Cotreatment with methotrexate in routine care patients with rheumatoid arthritis receiving biological treatment yields better outcomes over time

Bibliographic Details
Main Author: Boone, Niels W.
Publication Date: 2019
Other Authors: Sepriano, Alexandre, Van Der Kuy, Paul Hugo, Janknegt, Rob, Peeters, Ralph, Landewé, Robert B.M.
Format: Article
Language: eng
Source: Repositórios Científicos de Acesso Aberto de Portugal (RCAAP)

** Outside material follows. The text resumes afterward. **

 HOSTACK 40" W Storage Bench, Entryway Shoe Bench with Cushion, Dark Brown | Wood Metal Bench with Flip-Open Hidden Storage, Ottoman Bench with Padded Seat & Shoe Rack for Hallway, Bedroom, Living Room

Download full: https://doi.org/10.1136/rmdopen-2018-000836
Summary: Objectives We aimed to evaluate the effects of methotrexate (MTX) comedication added to biological disease-modifying antirheumatic drugs (bDMARD) on disease activity measures in patients with rheumatoid arthritis (RA) in routine care. Methods Patients with RA on treatment with either bDMARDs or conventional synthetic DMARDs were included in this prospective cohort study. The effect of (time-varying) combination therapy with bDMARD and MTX compared with bDMARD monotherapy was tested in longitudinal generalised estimating equation models using as outcomes: (1) the likelihood to be in remission according to the 28-joint Disease Activity Score (DAS28) erythrocyte sedimentation rate (ESR) (<2.6) and to the Routine Assessment of Patient Index Data 3 (RAPID3) (0-30; ≤3), a patient-reported outcome measure about RA symptoms; and (2) DAS28-ESR and RAPID3 as continuous variables. All models were adjusted for potential confounders: age, gender, drugs for comorbidities (yes/no), oral steroids (yes/no) and non-steroidal anti-inflammatory drug (yes/no). Results In total, 330 patients were included (mean (SD) follow-up; 10.7 (9.7) months). Compared with bDMARD monotherapy, MTX combination therapy was significantly associated with a 55% higher likelihood to be in DAS28 remission, but not RAPID3 remission, over time. Combination therapy resulted in slightly, but statistically significant, lower levels of DAS28-ESR over time (β=-0.42 (95% CI -0.67 to - 0.17)), but not RAPID3 (β=-0.58 (95% CI -0.65 to 0.49)). The effect on DAS28-ESR was entirely explained by lower swollen joint counts and was persistent after correction for confounders. Conclusion These results give support to the policy that MTX should be continued in routine care patients with RA on biological therapy since this leads to better objective but not subjective clinical outcomes.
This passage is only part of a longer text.